Jane Austen (1775-1817)

 

English novelist (pictured right).

She lived most of her life in Hampshire, where her father was a Church of England minister.

Her books are seen consistently on film and TV.

 

Her most famous books are...

Sense and Sensibility (1811). 

Pride and Prejudice (1813). 

Emma (1815).

Persuasion (1818).

 

Why was she so creative?

 

1. Inspiration and perspiration

She got moments of inspiration from her:

  • vivid imagination.
  • daydreaming (e.g. about possible husbands).

But often her writing was hard work, and she wished that her ideas “would flow as fast as the rain”.

All her great books were re-written and edited several times

Only Emma was written with confident speed.

 

2. Patience

She spent many years writing before her first novel, Sense and Sensibility, was published in 1811.

It was sold for 75p ($1) in three volumes!

Her best books also took years to be published

Northanger Abbey was published in 1817, 14 years after it was first sent to a publisher!

 

3. Determination

She overcame:

  • unreasonable criticism of her work (with humour).
  • depression (which she fought all her life).

She had the courage to continue writing, even when she was depressed or dying.

Jane Austen - Creativity and Writing 

4. Happiness

She wrote best, when she was happy, particularly in her family’s first home (pictured right) in a lovely rural village, Steventon in Hampshire.

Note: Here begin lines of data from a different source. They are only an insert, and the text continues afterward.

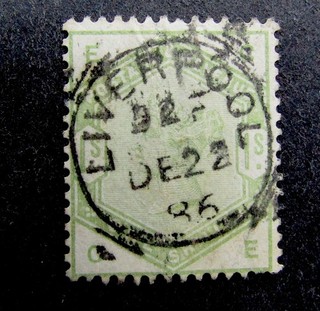 nystamps Great Britain Stamp # 107 Used $300 Y22y332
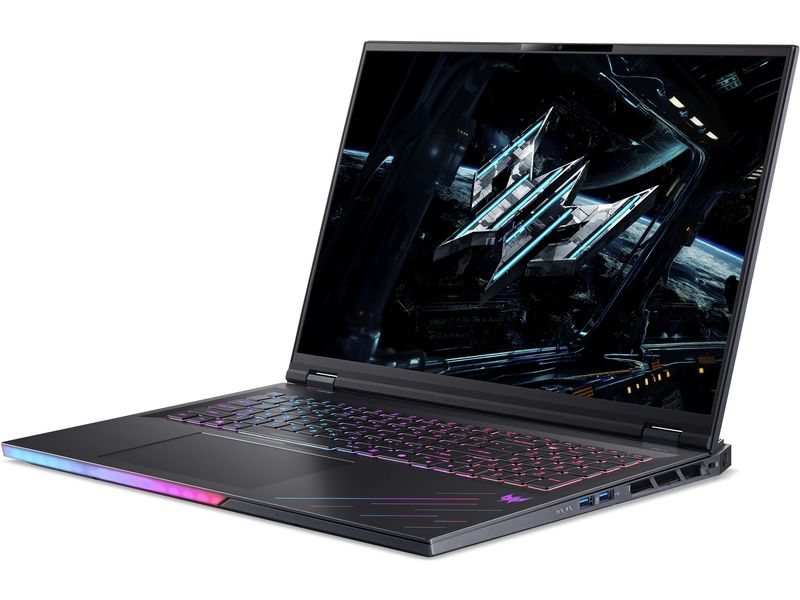 Acer Notebook Predator Helios 18 AI (PH18-73-96R8), RTX 508 Gaming-Laptop mit 250 Hz Refresh-Rate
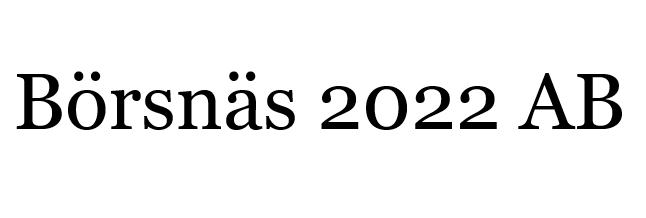 Börsnäs 2022 AB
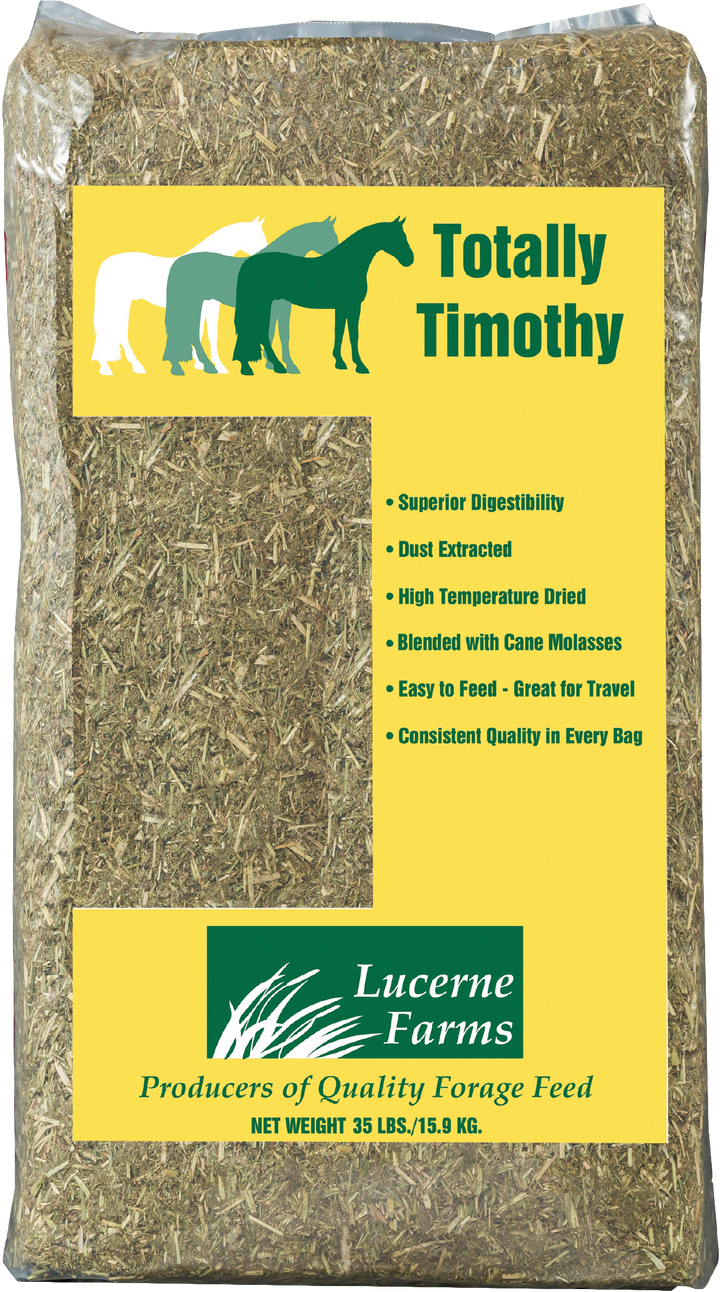 Totally Timothy - Bagged Chopped Forage - 50lb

It was an ideal place to think and remove herself from reality into the world of her imagination.

Her family’s move to Bath in 1801 and subsequent depression stopped her writing for 10 years until 1809.

 

5. Originality

Despite critical reviews of her books, she stuck to her own way of writing.

“I must keep to my own style and go on in my own way”, she wrote in 1816.

She didn’t copy anyone else, but used different styles for different books.

 

6. Reading

From childhood, she:

  • was a great reader.
  • got many ideas from books.

The title, Pride and Prejudice, came from a book she read after the she discovered her first title (First Impressions) had been used by somebody else.

 

7. Love of writing

She didn’t make much money from writing, despite the success of Pride and Prejudice.

But she:

  • loved to write.
  • was always totally absorbed in her work.

She said of Sense and Sensibility

“I can no more forget it than a mother can forget her sucking child”.

Writing was more important to her than fame (she wrote under the anonymity of a pseudonym).

 Jane Austen - Creativity and Writing

8. Experience

She wrote of the world she knew in middle class, rural England.

Her heroines often reflected her own character

  • Elizabeth Bennet in Pride and Prejudice, had her wit, intelligence and restless spirit (played by Keira Knightley, pictured right, in the 2005 film).
  • Fanny Price in Mansfield Park had her solemnity
  • Emma Woodhouse in Emma had her pride.

But Anne Elliot in Persuasion came closer to her than anybody else.

 Jane Austen - Creativity and Writing

9. Leisure

She always made time for the people she loved, particularly her sister, Cassandra (pictured right).

 

10. Natural talent

She was only 15 when she wrote her first great book, Love and Friendship.

 

Key quote on success

We have all a better guide in ourselves, if we would attend it, than any other can be, Mansfield Park

 

Key quotes on happiness

A large income is the best recipe for happiness I ever heard of, Mansfield Park.

Why not seize the pleasure at once? How often happiness is destroyed by preparation, foolish preparation!, Emma.

 

Key quotes on knowledge

The most valuable knowledge we could any of us acquire - the knowledge of ourselves and of our duty, Mansfield Park

Where an opinion is general, it is usually correct, Mansfield Park.

 

Key quote on influencing people

There is no charm equal to tenderness of heart, Emma.

 

Key quote on friendship

Friendship is certainly the finest balm for the pangs of disappointed love, Northanger Abbey.

 

Key quote on careers and work

I am afraid that the pleasantness of an employment does not always evince its propriety, Sense and Sensibility.

 

Key quote on men

If there is anything disagreeable going on, men are always sure to get out of it, Persuasion.